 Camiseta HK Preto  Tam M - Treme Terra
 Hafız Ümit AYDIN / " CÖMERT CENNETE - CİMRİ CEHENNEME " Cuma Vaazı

•••••

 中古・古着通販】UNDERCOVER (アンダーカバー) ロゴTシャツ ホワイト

•••••

Which lines above run from the one containing "Camiseta HK Preto" down to the one containing "Hafız Ümit AYDIN"? Repeat exactly those, both ends included, and nothing else.

* **Output for this exercise**:
 Camiseta HK Preto  Tam M - Treme Terra
 Hafız Ümit AYDIN / " CÖMERT CENNETE - CİMRİ CEHENNEME " Cuma Vaazı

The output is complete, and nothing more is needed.